Pictures with short captions:
============================================================

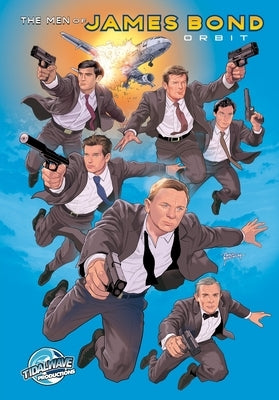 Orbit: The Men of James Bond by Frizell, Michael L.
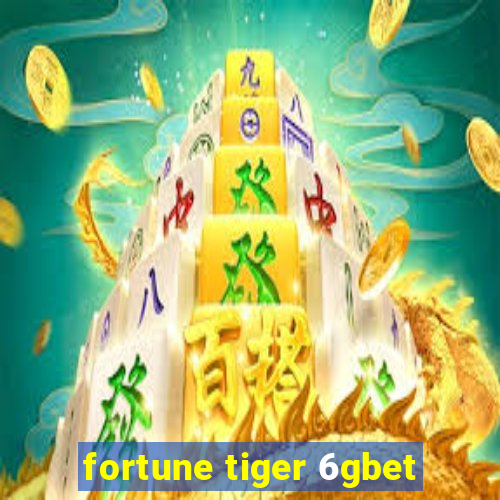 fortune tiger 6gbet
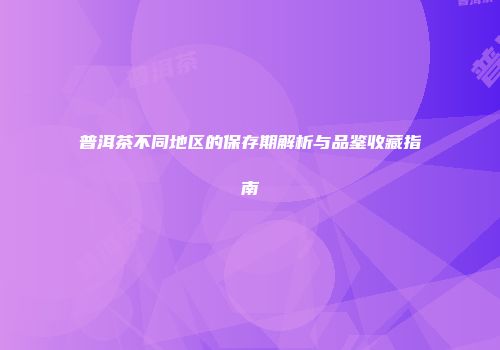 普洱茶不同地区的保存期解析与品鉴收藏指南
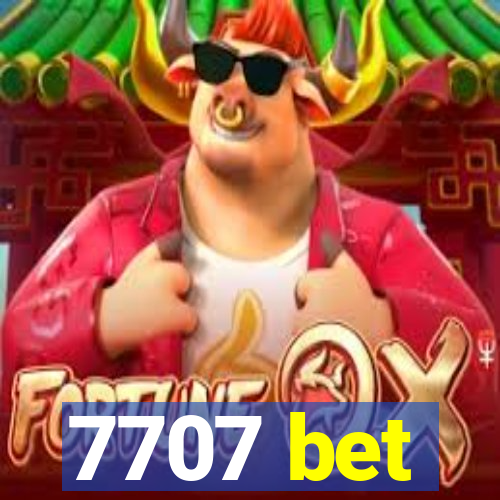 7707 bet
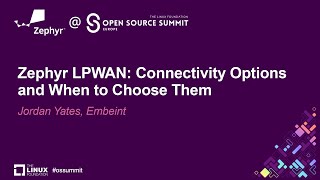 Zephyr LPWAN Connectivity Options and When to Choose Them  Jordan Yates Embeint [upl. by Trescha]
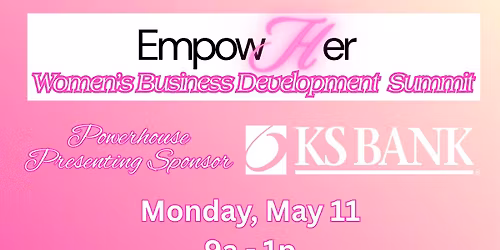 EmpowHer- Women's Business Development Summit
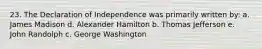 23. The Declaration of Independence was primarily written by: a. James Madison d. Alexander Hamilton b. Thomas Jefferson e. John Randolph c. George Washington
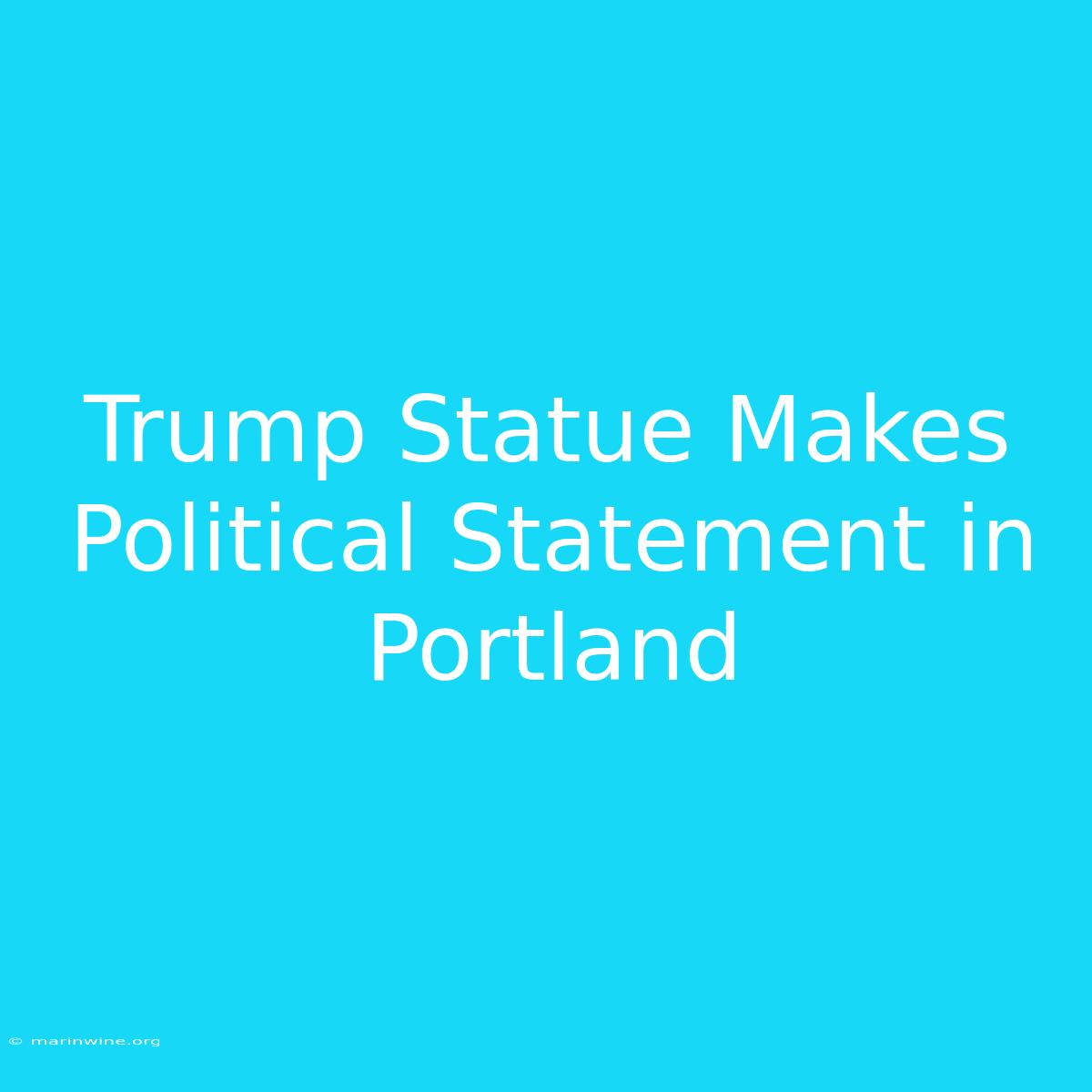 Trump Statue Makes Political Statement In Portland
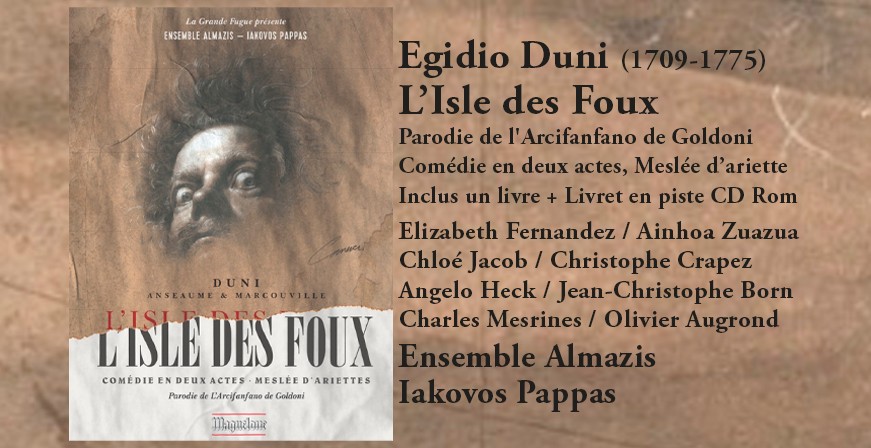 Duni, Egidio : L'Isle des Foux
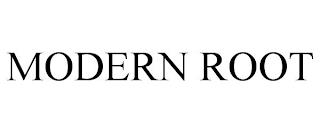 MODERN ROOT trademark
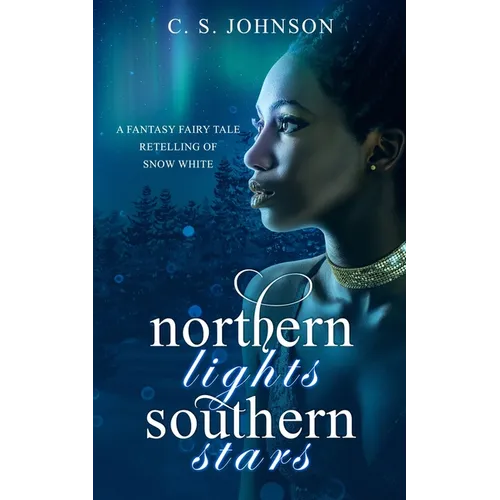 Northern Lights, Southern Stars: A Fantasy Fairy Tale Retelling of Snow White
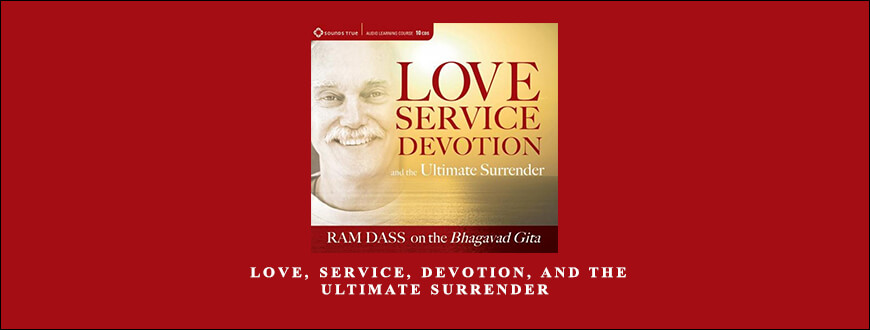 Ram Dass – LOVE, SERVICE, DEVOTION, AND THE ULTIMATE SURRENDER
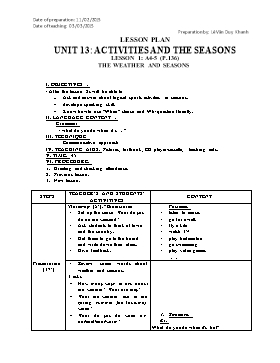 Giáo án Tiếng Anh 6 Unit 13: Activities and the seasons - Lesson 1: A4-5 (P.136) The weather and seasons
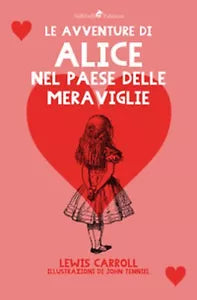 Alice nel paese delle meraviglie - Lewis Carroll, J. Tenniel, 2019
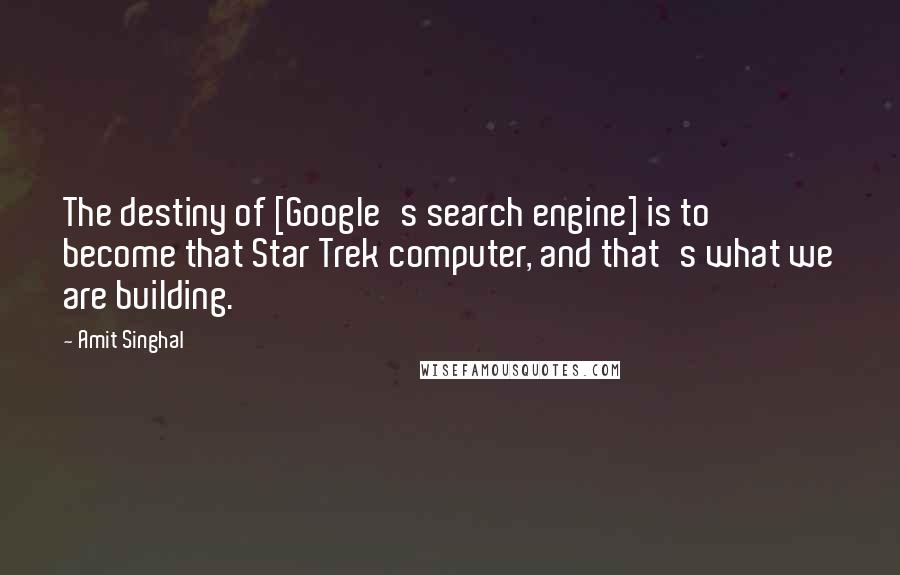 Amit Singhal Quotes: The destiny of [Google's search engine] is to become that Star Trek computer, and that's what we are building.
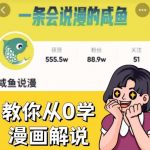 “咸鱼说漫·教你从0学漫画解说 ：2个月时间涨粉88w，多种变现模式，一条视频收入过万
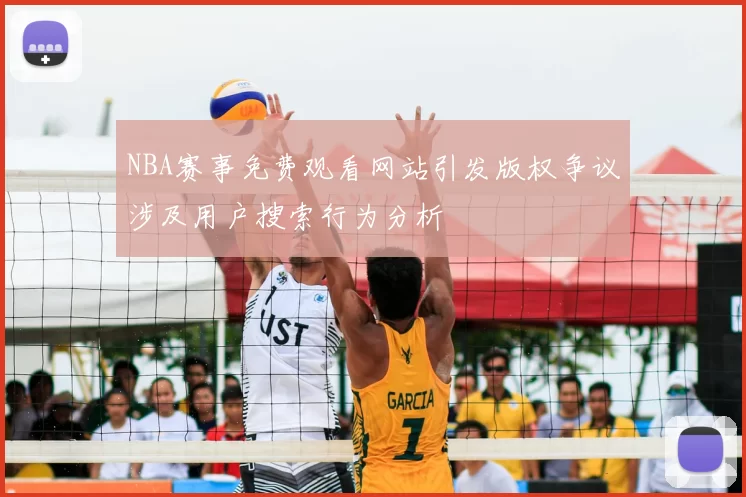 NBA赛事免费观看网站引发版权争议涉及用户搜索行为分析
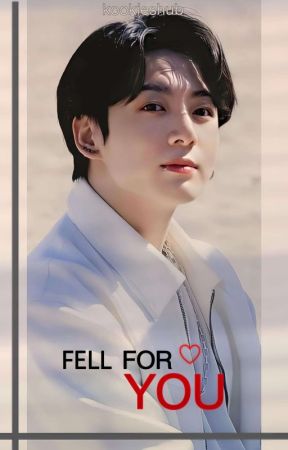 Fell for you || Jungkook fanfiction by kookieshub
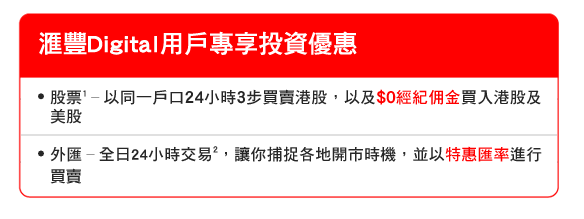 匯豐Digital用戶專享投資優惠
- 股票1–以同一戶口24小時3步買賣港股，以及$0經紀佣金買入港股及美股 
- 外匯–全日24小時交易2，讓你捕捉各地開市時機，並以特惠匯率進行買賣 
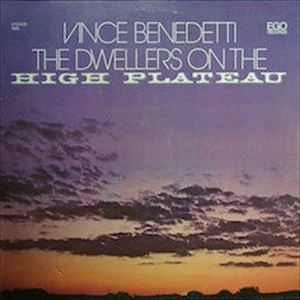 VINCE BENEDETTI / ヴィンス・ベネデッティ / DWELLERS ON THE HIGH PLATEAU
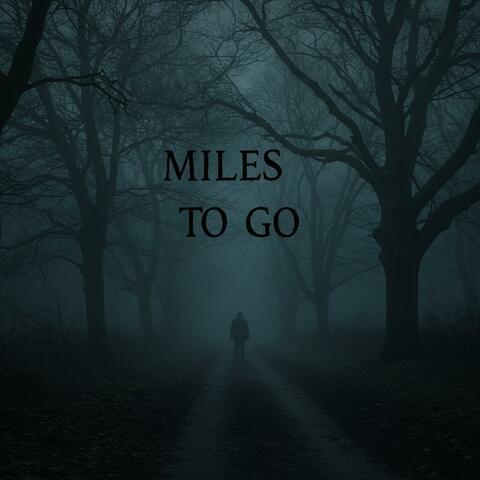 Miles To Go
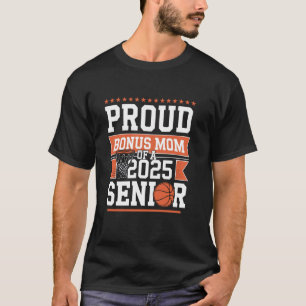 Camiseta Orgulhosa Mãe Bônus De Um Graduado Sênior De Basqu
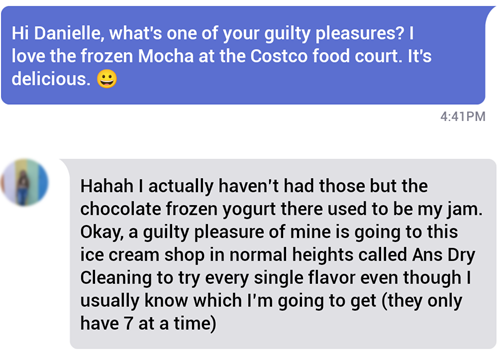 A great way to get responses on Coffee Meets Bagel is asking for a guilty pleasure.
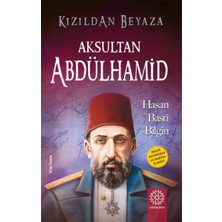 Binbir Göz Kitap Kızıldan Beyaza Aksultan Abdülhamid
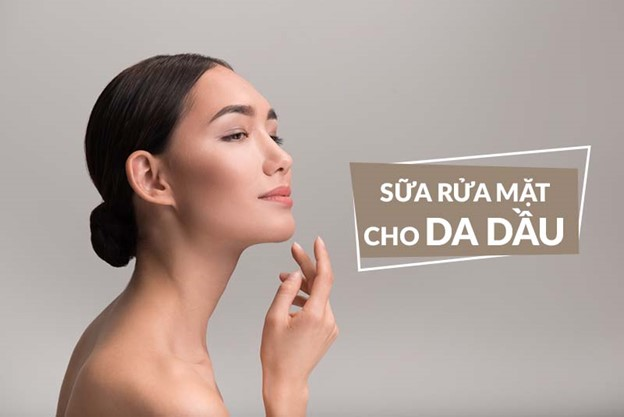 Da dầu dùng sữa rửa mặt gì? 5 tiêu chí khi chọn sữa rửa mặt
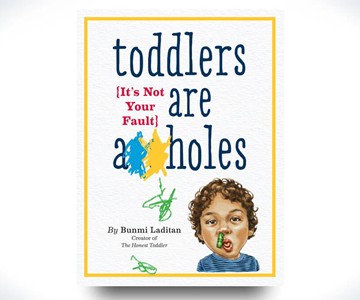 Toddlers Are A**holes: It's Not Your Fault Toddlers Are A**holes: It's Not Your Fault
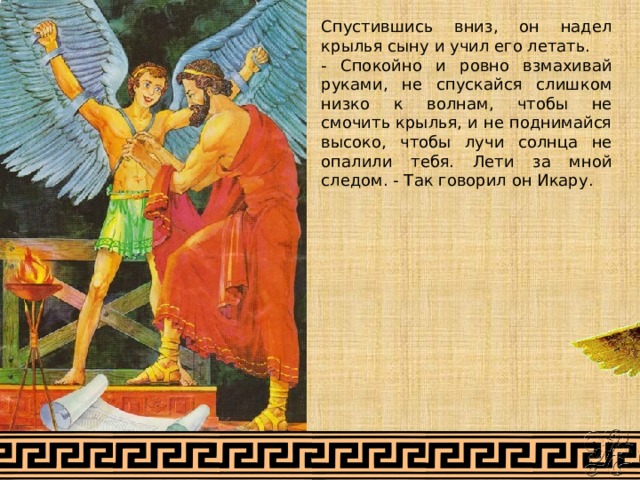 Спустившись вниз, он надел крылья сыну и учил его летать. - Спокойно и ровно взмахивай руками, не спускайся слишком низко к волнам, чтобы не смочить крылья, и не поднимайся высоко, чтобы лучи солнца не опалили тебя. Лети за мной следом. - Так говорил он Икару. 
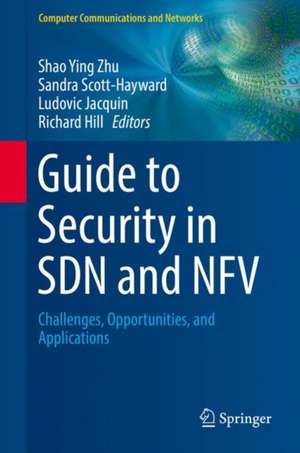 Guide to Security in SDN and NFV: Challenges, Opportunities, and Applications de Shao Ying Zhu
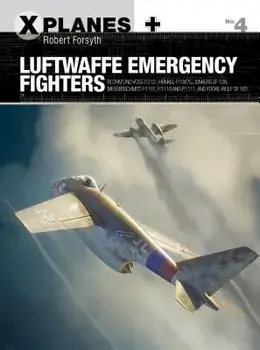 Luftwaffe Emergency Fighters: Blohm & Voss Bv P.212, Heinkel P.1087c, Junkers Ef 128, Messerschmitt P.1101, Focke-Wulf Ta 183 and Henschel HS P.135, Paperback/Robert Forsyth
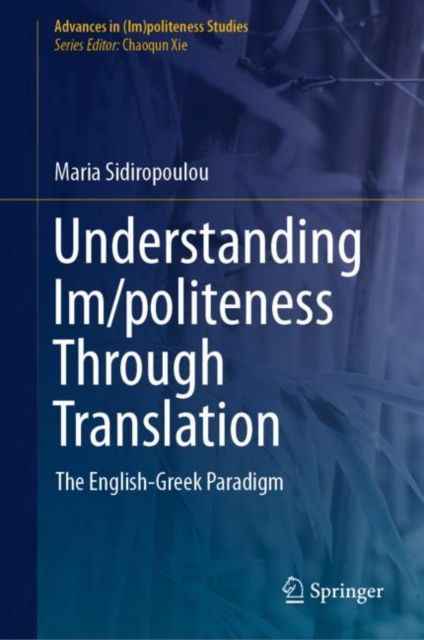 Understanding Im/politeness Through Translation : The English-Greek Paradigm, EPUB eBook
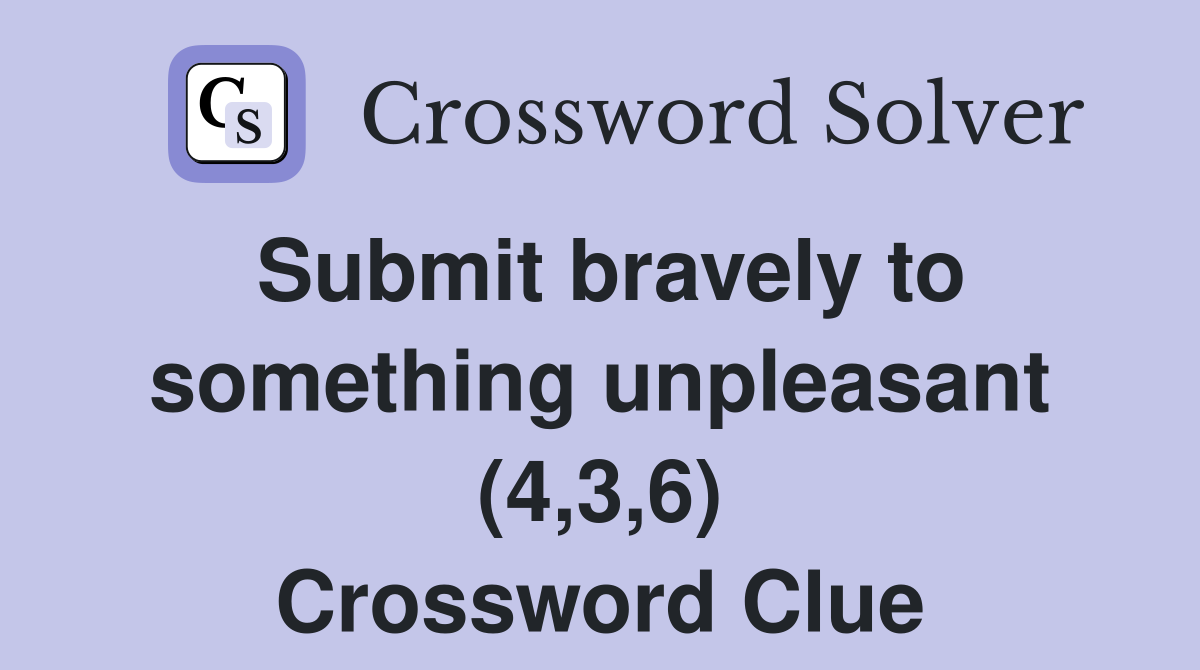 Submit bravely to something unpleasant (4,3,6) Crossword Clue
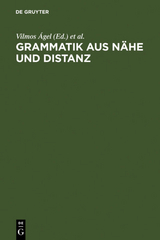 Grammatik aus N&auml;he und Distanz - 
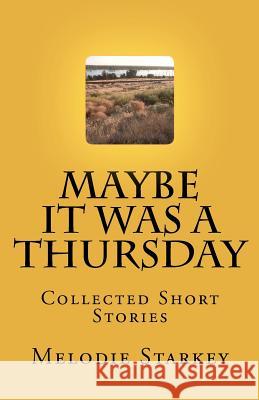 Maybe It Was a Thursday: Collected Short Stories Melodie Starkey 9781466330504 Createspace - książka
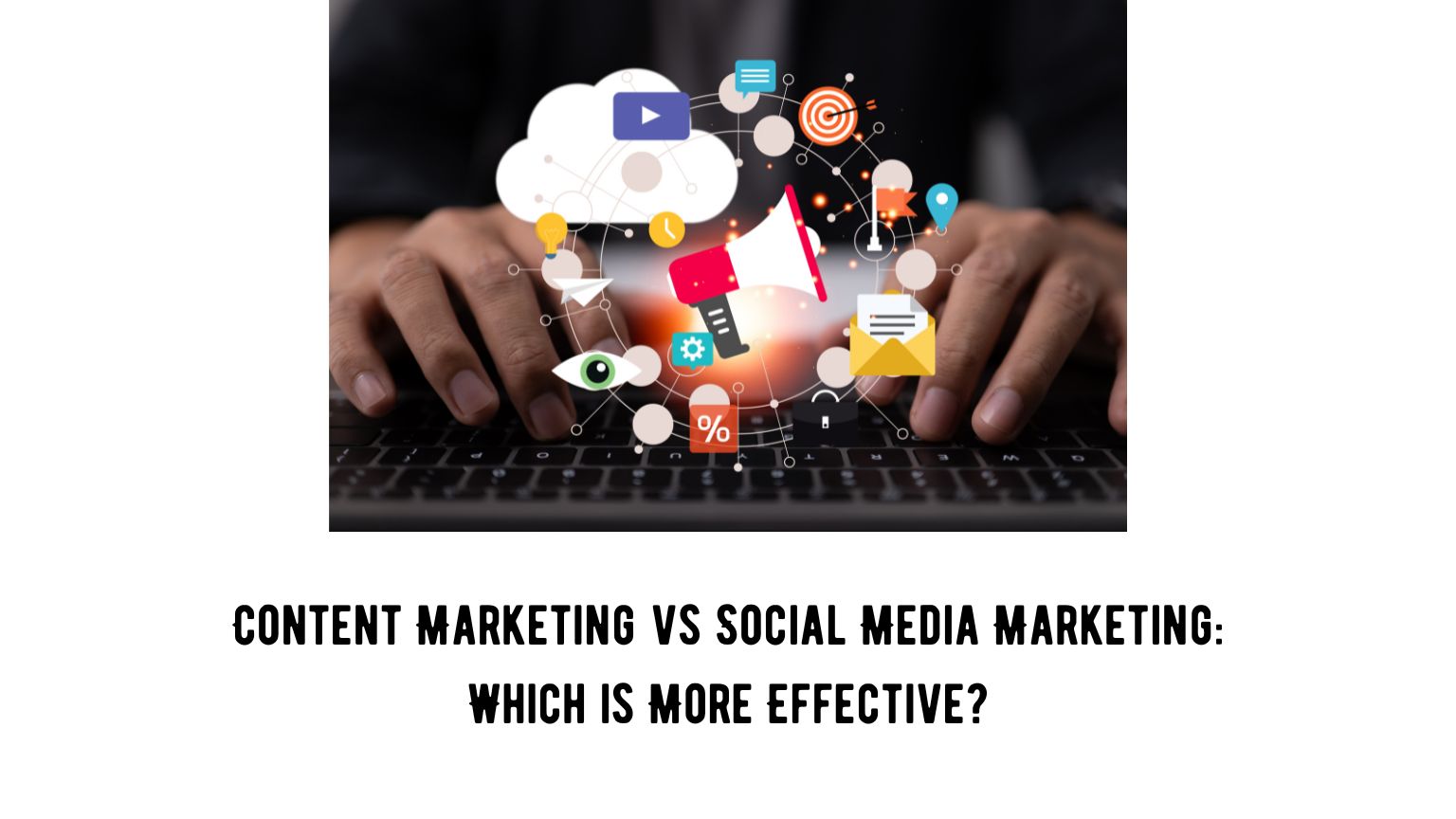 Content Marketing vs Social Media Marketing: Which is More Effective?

============================================================

__EXERCISE OBJECTIVE__: Leave the pictures aside and print exactly, and only, the lines from the one with "Submit bravely to" through the end of the data, both included.

__OUTPUT FOR THIS TASK__:
 Submit bravely to something unpleasant (4,3,6) Crossword Clue
 Grammatik aus N&auml;he und Distanz - 
 Maybe It Was a Thursday: Collected Short Stories Melodie Starkey 9781466330504 Createspace - książka
 Content Marketing vs Social Media Marketing: Which is More Effective?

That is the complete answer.